Supercharging for free is really a gimmick and free advertising for them because a lot of people who buy such expensive cars value their time above what it takes to recharge it every week. The only reason Tesla built supercharger is because they wanted to enable long distance travel for electric cars.

Ya, my home bill is 13 cents per kwh. I can't figure out why it would cost Tesla $1.

As for the super chargers, I'm pretty sure you can no longer use a supercharger for free if you live nearby it. You are only allowed free usage when travelling.

As for the solar panels on the charging station, that sounds almost useless. Like putting a little solar panel on the sunroof of your model s.

The quote is wrong.

First of all, supercharging was never 'Free' - it was a $1,000 addon option (at purchase, or $2,000 later) for a long while before finally being made standard. (The hardware was integrated into all models shortly after launch, but cost money to activate)

Secondly, they killed the unlimited free charging program for new cars as of this year. (April, I believe was the cutoff for delivery of vehicles with unlimited supercharging)

The motivation for killing the unlimited free charging program seems to be partly people who would never charge at home, instead always charging at superchargers and often leaving cars parked for hours in busy locations, and the increasing commercial use of the supercharging network (by taxi companies).

How much does it cost to use now?
I got a new Model S in October and it came with free supercharging for life, because I had a referral code from another Tesla owner.
If this were any other company making such unsubstantiated claims that didn't have any basis in the reality of the underlying technology, they'd be getting roasted here.
I don't really agree. If another company rolled a 200kwh car out of the back of a truck, did a few passes of the stage, gave passengers rides (high speed launches) for a while, and then reported ~60% battery remaining, I think most would believe them.

We would also wonder about making it to production, but Tesla actually has a halfway decent track record at that.

> If another company rolled a 200kwh car out of the back of a truck ...

That's the thing. They didn't. The roadster concept didn't have 200kWh in it at all.
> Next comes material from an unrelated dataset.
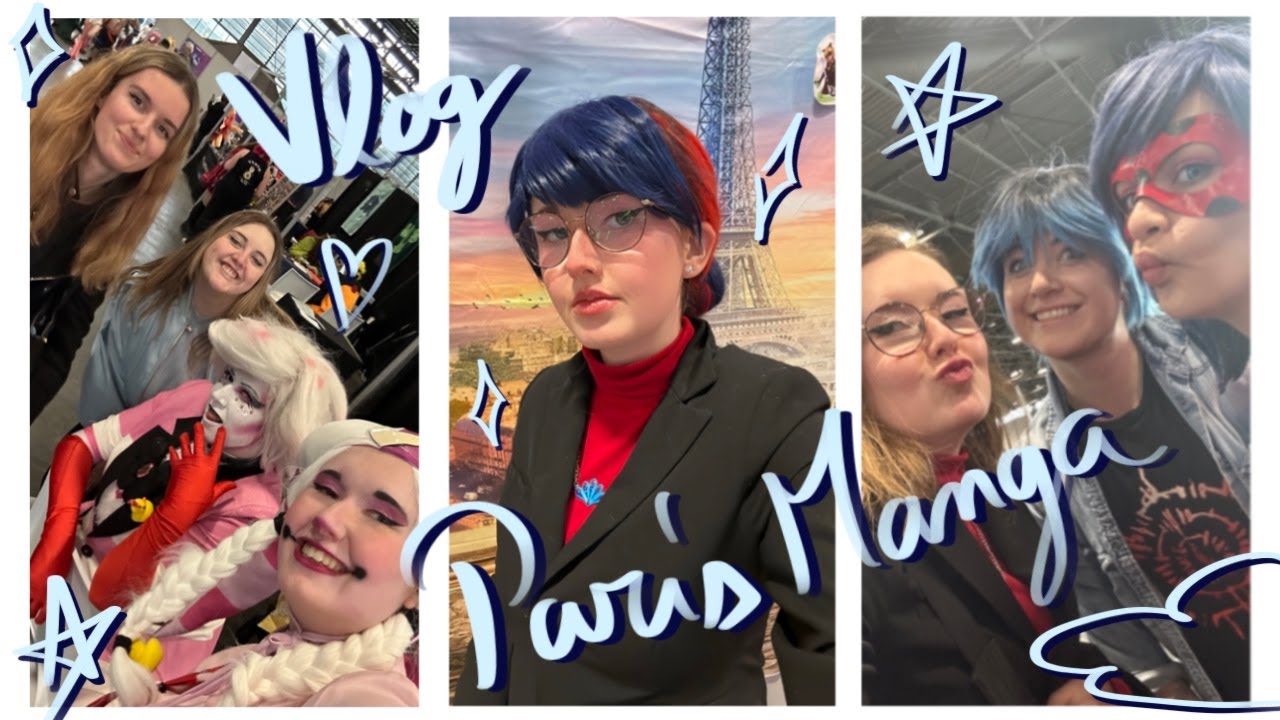 Vlog farfelu de la Paris Manga (feat @MiracleDreamProduction )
It might not have exactly 200kWh of battery installed, but one reason for planning such a large battery is to be able to support the neccessary current levels for the accelleration they have demonstrated. So they couldn't have just put a small battery in the car either.
At the show, they were saying that it did. Do you have some evidence to the contrary?
Well, the article makes it sounds like they are defying physics - "breaks laws of batteries"? Then also quotes

>“I don't think they're lying,” Jaffe said. “I just think they left something out of the public reveal that would have explained how these numbers work.”

There are no laws here, just advances in battery tech, and people believe Tesla is at the forefront of that AFAIK. Sure, they might be making claims that are hard to believe, but isn't the point of Tesla doing exactly that?
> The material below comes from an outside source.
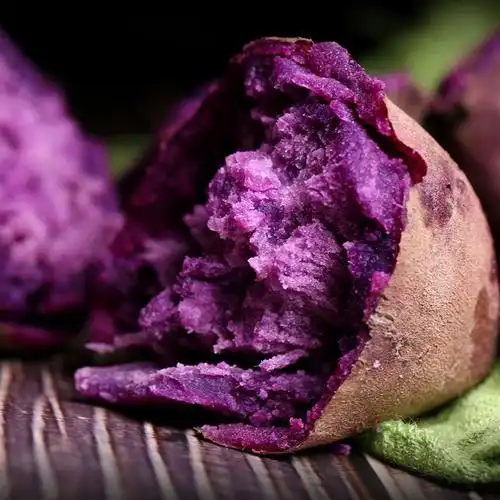 新鲜紫薯现挖紫心薯5斤农家小果紫香薯紫芋头新鲜现挖紫薯农家自种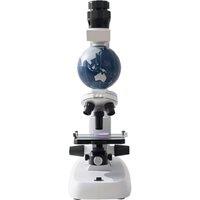 Kids' Adjustable Focus Monocular Desktop Microscope with Complete STEM Kit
You may be right. But there's nothing wrong with it. Tesla has done amazing things, and so has SpaceX. Yes, they're in the habit of being late. But neither has, as far as I can remember, ever produced "vapourware" they didn't eventually start selling.

For a nice reference: see this comment sceptical of Tesla's capability to deliver this 100MW battery in Australia in 100 days. Which was just recently completed on time. The tone reads surprisingly similar to the Bloomberg article ("To say nothing of the near 50 degree weather beating down on old infrastructre that spans thousands of very sparse kilometers.") https://news.ycombinator.com/item?id=13838355

People, and companies, have reputations. Those have to be taken into account when judging their claims.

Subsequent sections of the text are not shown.